Los mexicanos pasan demasiado tiempo frente a las pantallas, consumiendo contenido, que en su mayoría es de mala calidad y es producido con la única idea de apagar cerebros. Es así que, mientras en otros países la gente usa varias horas del día para leer o ejercitarse, los mexicanos leen menos de tres libros al año y son los más obesos del mundo.
Quizá eso explique por qué en México los niveles de vida, educativo y económico, vayan a la baja y sin posibilidad alguna de levantarse; la población está inmersa en una dinámica de entretenimiento barato y orientado a que ignore la situación real del país en que vive. Por esa razón, también buscan contenidos de risa falsa, lágrima fácil y nula reflexión.
Uno pensaría que en un país donde todo parecer ir mal, nadie quiere enterarse de las cosas que suceden. Para eso funcionan los programas de revista, las telenovelas, los chismes de la farándula y los noticiarios deportivos, en los que no importa lo que se diga, sino qué talla de calzones use la conductora en turno.
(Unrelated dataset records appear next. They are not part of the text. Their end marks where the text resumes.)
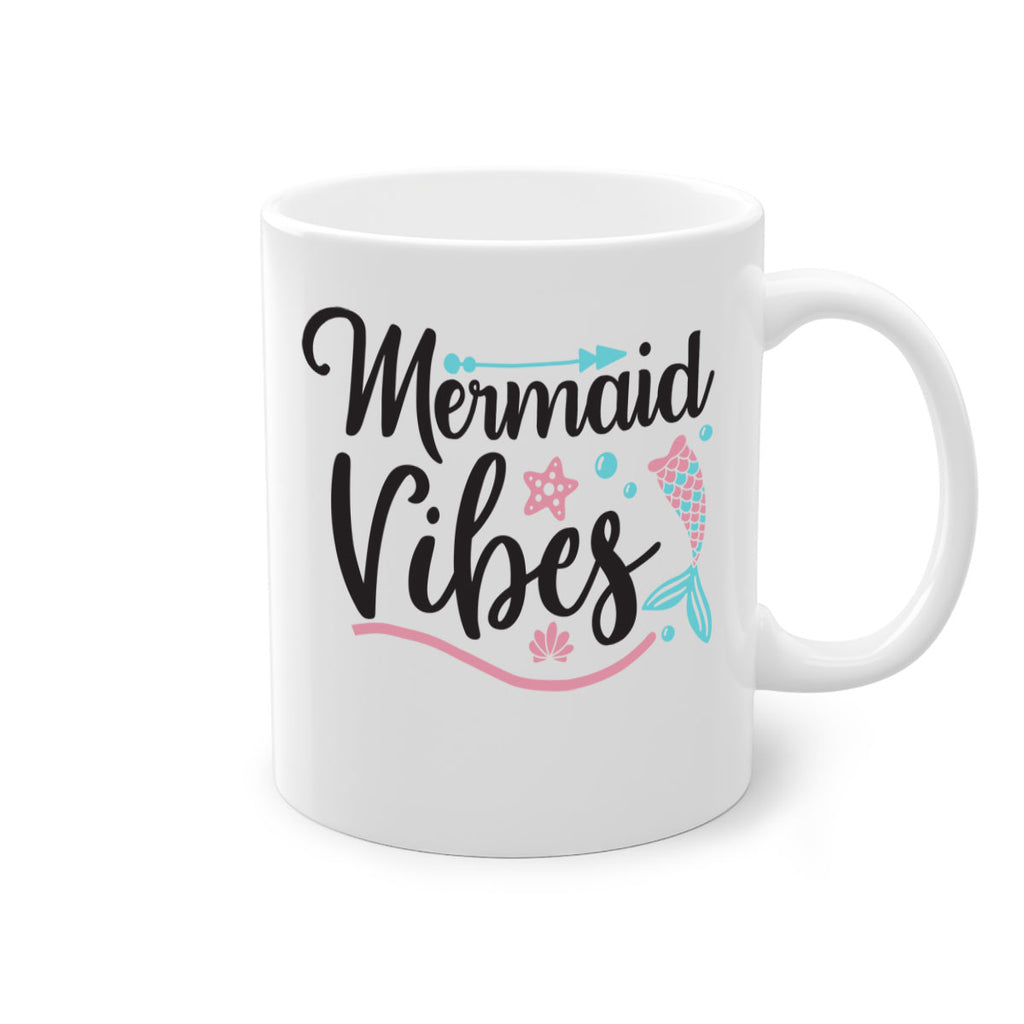 Mermaid Vibes 389#- mermaid-Mug / Coffee Cup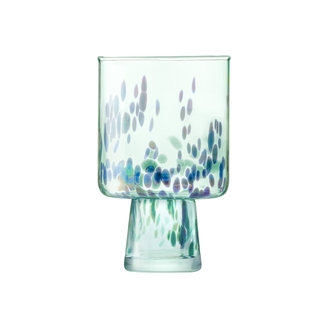 Wine glass SEA GLASS Ocean Bluess 300ml SET/2 LSA INTERNATIONAL®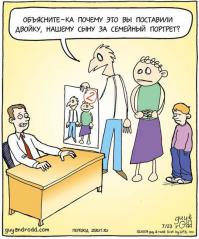 Дети рисуют своих мам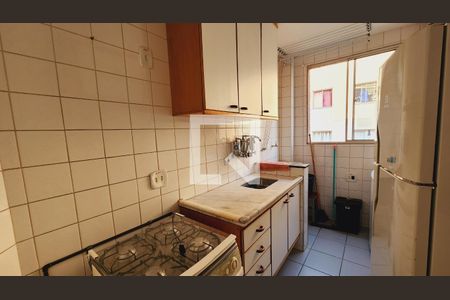 Cozinha de apartamento à venda com 3 quartos, 64m² em Vila Progresso, Jundiaí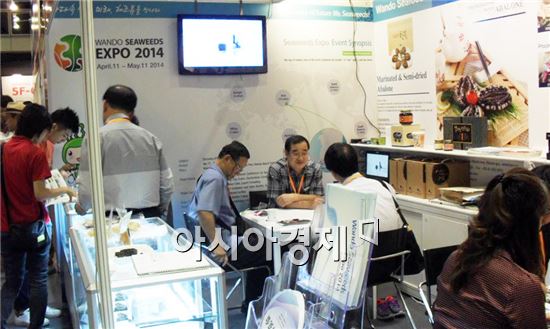 완도 전복, 홍콩에서 100만 달러 수출 계약 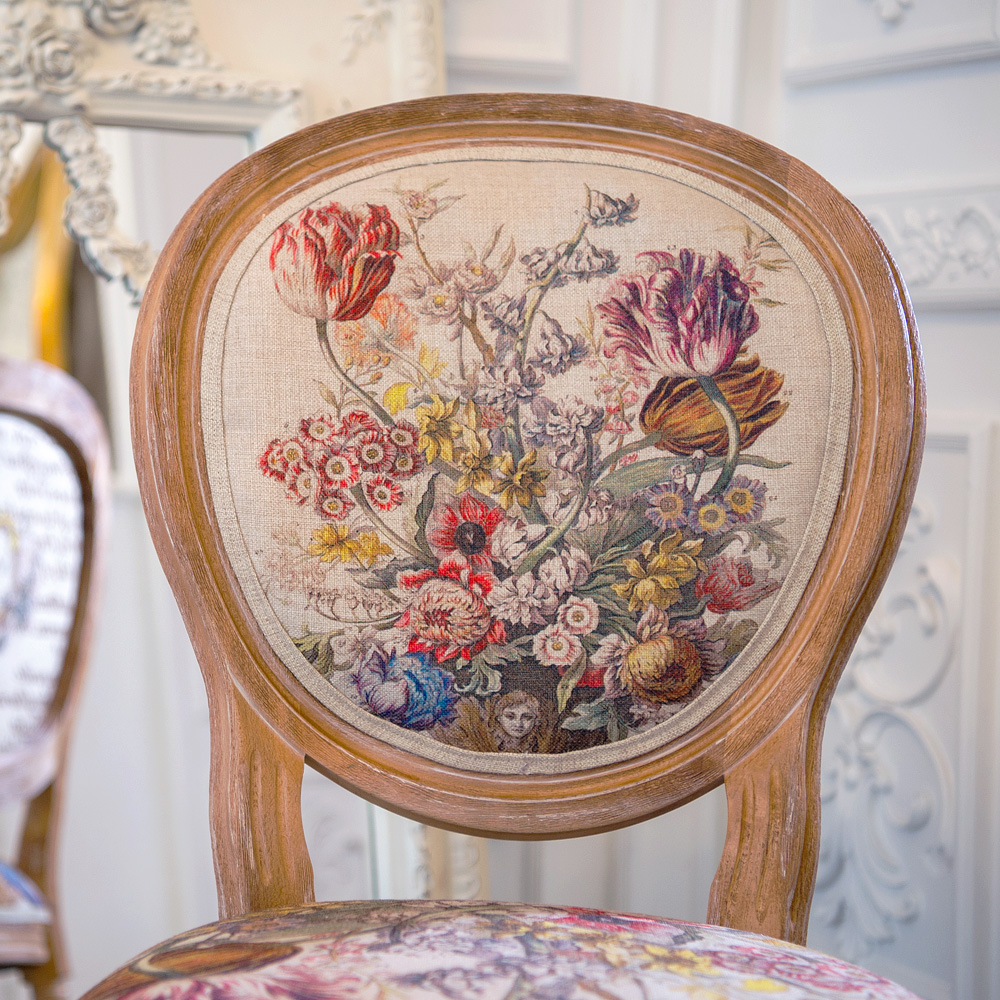 121104 Стул «12 месяцев цветения», версия Апрель Object Desire  - Вид №16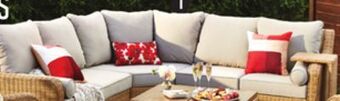 Canadian Tire Canvas moraine sectional set offer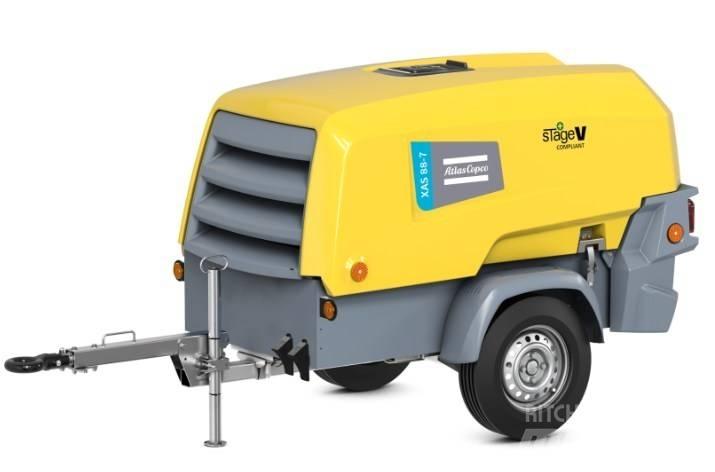 Atlas Copco XAS68-7 Kompressoren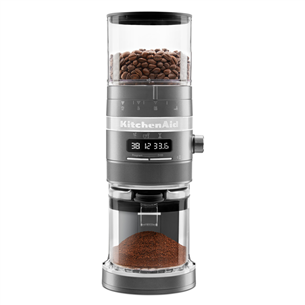 KitchenAid Artisan, 1500 W, silver - Coffee Grinder 5KCG8433EMS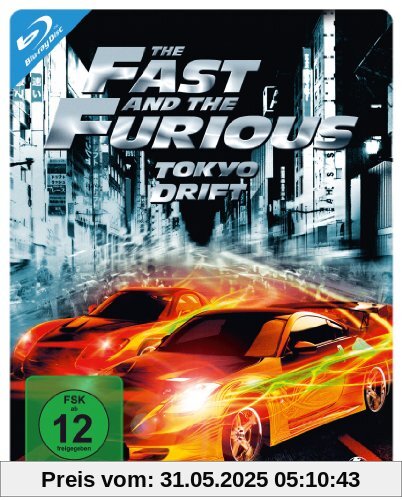 The Fast and the Furious: Tokyo Drift - Steelbook [Blu-ray] von Justin Lin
En México, la televisión es un miembro más de la familia, se sienta con los niños a comer, consuela a la esposa ignorada, entretiene a los abuelos abandonados y le da consejos de amor a las adolescentes calenturientas.
¿Para qué queremos entonces que haya escuelas, bibliotecas, parques o centros culturales? Nuestra amiga la televisión nos provee de todo, y vigila nuestros sueños cuando nos vamos a dormir.